Ainsi, dans les œuvres Un lit volant et Passionately in love respectivement en 1932 et en 1935, Frida y dépeint de façon brute et franche, ce qu’elle ressent. Dans le premier tableau, la douleur et la solitude d’une femme après une fausse couche, et le caractère fractionnée de son corps. Son bassin, la fleur de sa sexualité fanée, le petit bébé Diego tant désiré…Des réalités de son corps et de sa vie reliés à elle, par des rubans, des cordons.
Dans l’autre, la violence conjugale ou plutôt ce qu’on appellerait aujourd’hui un féminicide. Fait divers : un homme ivre découvre l’infidélité de sa femme et la poignarde à plusieurs reprises. Il parlera de “quelques petites piqûres” devant le juge et Frida écrira ces mots sur son tableau. L’encadrement de cette œuvre est couvert d’éclaboussures de peinture rouge. Une violence qui sort du cadre, et donc qui nous concerne, nous spectateurs.
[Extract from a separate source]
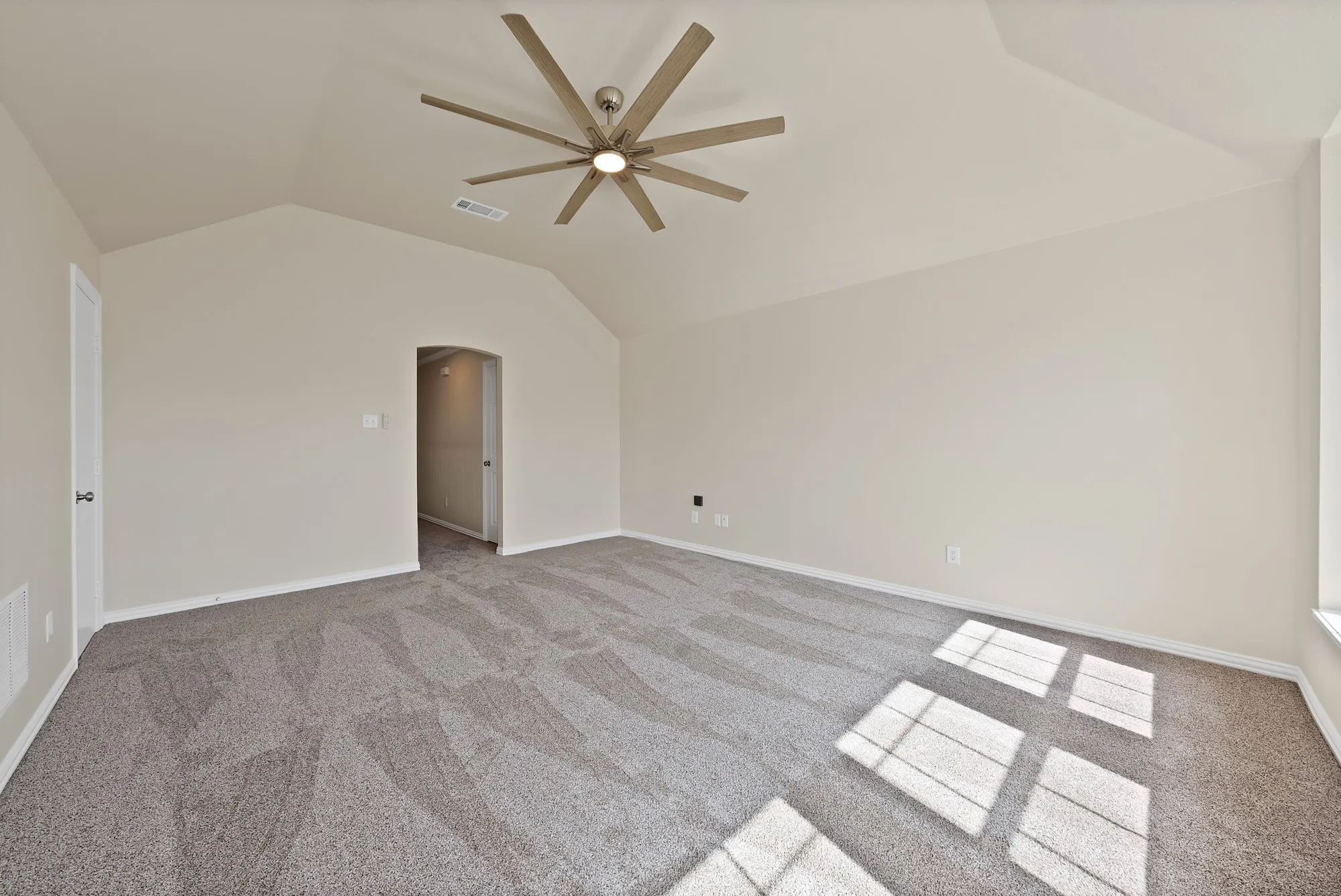 Vaulted ceiling with a contemporary ceiling fan, patterned carpet, and neutral wall tones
Un sujet tellement actuel.
Libre et Intense : insaisissable Frida
Frida n’a jamais voulu faire comme tout le monde, comme la plupart des femmes mexicaines de son époque. Elle aurait voulu être médecin, mais voit son rêve brisé après son accident.
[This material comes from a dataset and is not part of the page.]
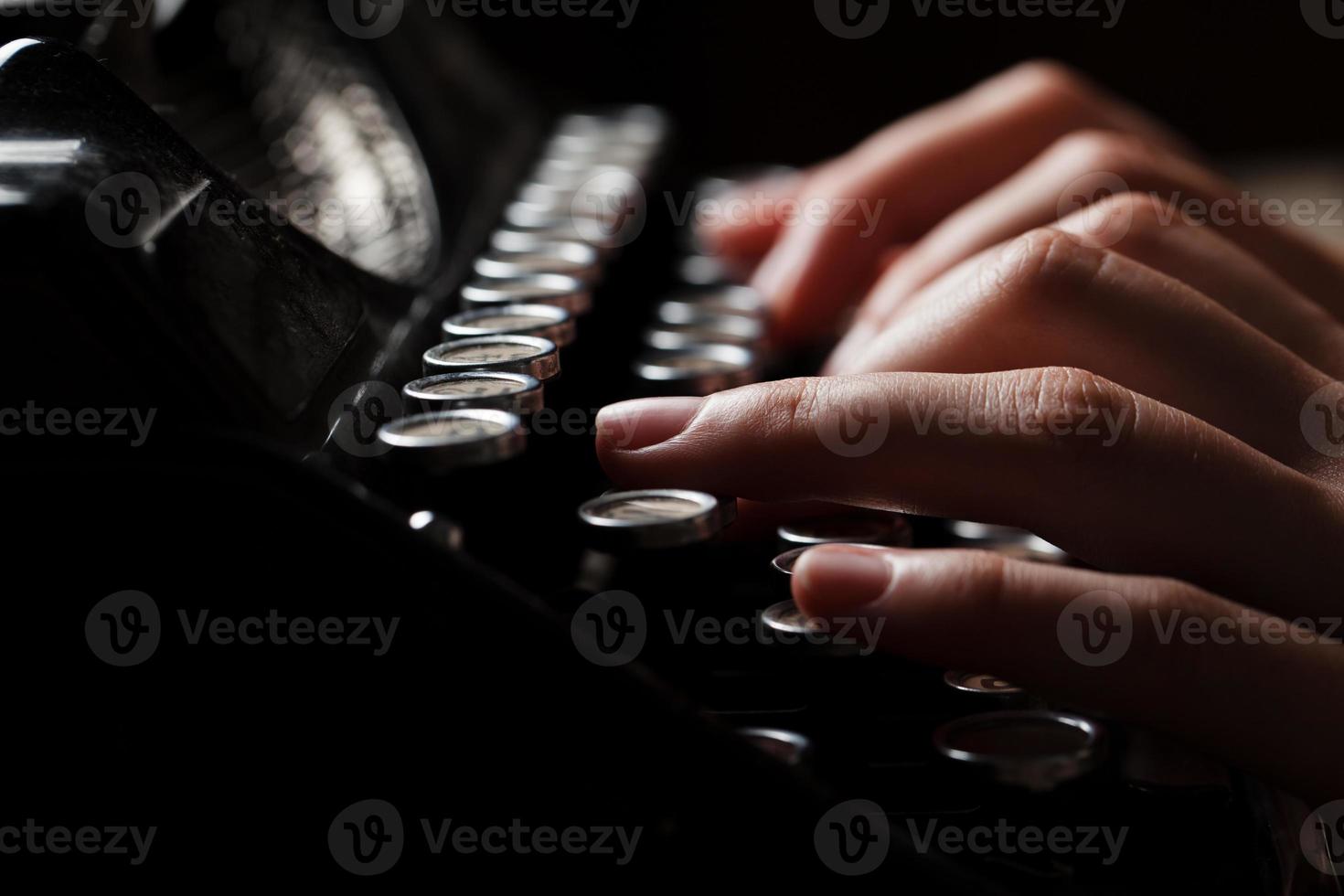 mãos escrevendo na velha máquina de escrever sobre fundo de madeira foto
Elle intègre le parti communiste mexicain en 1928 et lutte pour l’émancipation des femmes, qu’elle appelle “la masse silencieuse soumise”. Athée, bisexuelle, résolument opposée aux stéréotypes de genre elle provoque et bouscule tous les codes de son époque, dans un société traditionnelle patriarcale.
En 1929, elle épouse le célèbre artiste muraliste Diego Rivera. Leur histoire sera tumultueuse et passionnée. Il lui sera plusieurs fois infidèle, elle aussi. Ils divorcent, ensuite se remarient un an plus tard. Ce couple mythique de l’histoire de l’art restera lié jusqu’à la mort.
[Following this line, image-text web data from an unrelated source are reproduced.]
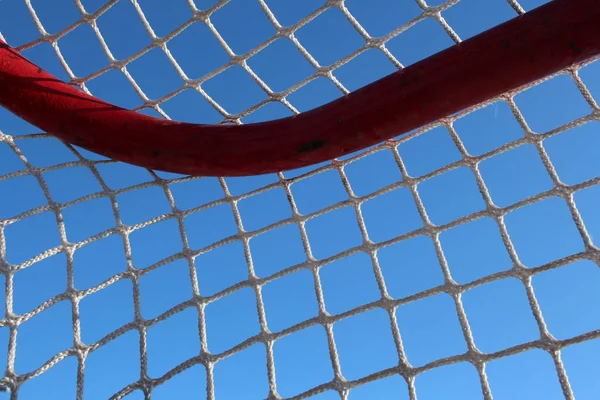 football net stretched on a sports frame hockey goal against the sky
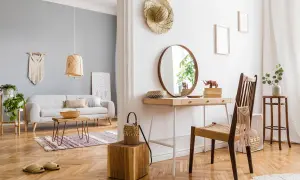Accogliente soggiorno con divano grigio, tavolino in legno e una **stanza buia** con specchio rotondo e scrivania.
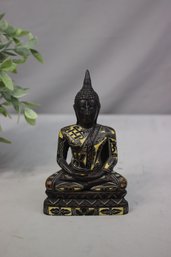 Intricately Patterned Thai Buddha Figurine Sitting In Meditative Pose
Elle posera pour Vogue en 1939 et le musée du Louvre achètera un de ses autoportraits : Le Cadre, de 1938, c’est le début d’une reconnaissance.
Frida peint sa réalité. Son mariage avec Diego Rivera, ses désirs de femme épicurienne, celui aussi d’avoir des enfants. Son esprit libre se reflète dans sa vie comme dans ses tableaux.
Mue par son désir de vivre passionnément, intensément, elle aborde des sujets tabous à l’époque. Le sexe, l’avortement ou l’infertilité.
Elle se fait photographier par son mari, Diego, en costume d’homme portant la moustache, un cigare à la bouche et une bouteille de Tequila à la main. Affichant délibérément un caractère androgyne.
Avec sa moustache, son monosourcil et son air renfrogné, elle renverse les principes conventionnels de beauté.
Le 13 juillet 1954, Frida meurt d’une embolie pulmonaire, à l’âge de 47 ans. Peu avant sa mort, elle écrira “J’espère que la sortie sera joyeuse… et j’espère bien ne jamais revenir”. Paroles qui laissent planer le doute. Un suicide pour mettre fin à ses souffrances ?
Fidèle à elle-même, la magicienne au colibri s’en ira libre et insaisissable jusque dans la mort.
Style artistique hétéroclite
Son art est un ruban autour d’une bombe a dit André Breton, en tentant de classer ses œuvres dans le mouvement surréaliste.
Cependant, pour Frida qui n’a jamais voulu faire carrière, il n’en est rien. Elle ne peint pas de rêves, mais sa propre réalité.
Son désir est de peindre la réalité qu’elle voit, pour ne pas qu’elle s’échappe, pour qu’elle soit vivante, qu’elle ne meure pas, même dans les souvenirs.
Il est difficile de classer son art.
Certains ont vu dans ses œuvres, un rattachement entre autres au symbolisme, à l’art naïf, à l’art brut ou encore au réalisme. En réalité, ses œuvres ayant traversé le temps et les différents courants, son style est hétéroclite. Une imbrication de plusieurs styles différents, donnant naissance à une signature artistique singulière, qui lui est propre.
Influence : une personnalité envoûtante
Une première biographie de Hayden Herrera en 1983 et le cinéma un peu plus tard remettent en lumière son parcours exceptionnel.
Dans les années 90, c’est la Fridamania et les célèbres grands couturiers tels que John Galliano, Dolce & Gabbana ou encore Christian Lacroix, subliment son monosourcil, ses coiffures ou ses robes. Jean-Paul Gautier notamment les corsets qu’elle portait.
Figure de proue du féminisme, force débordante de vie, Frida Kahlo subjugue.
Une exposition hors normes sur la vie et le destin de cette icône intemporelle et sans frontières.
Frida Kahlo, The Life of an Icon Du 17 mars au 14 mai.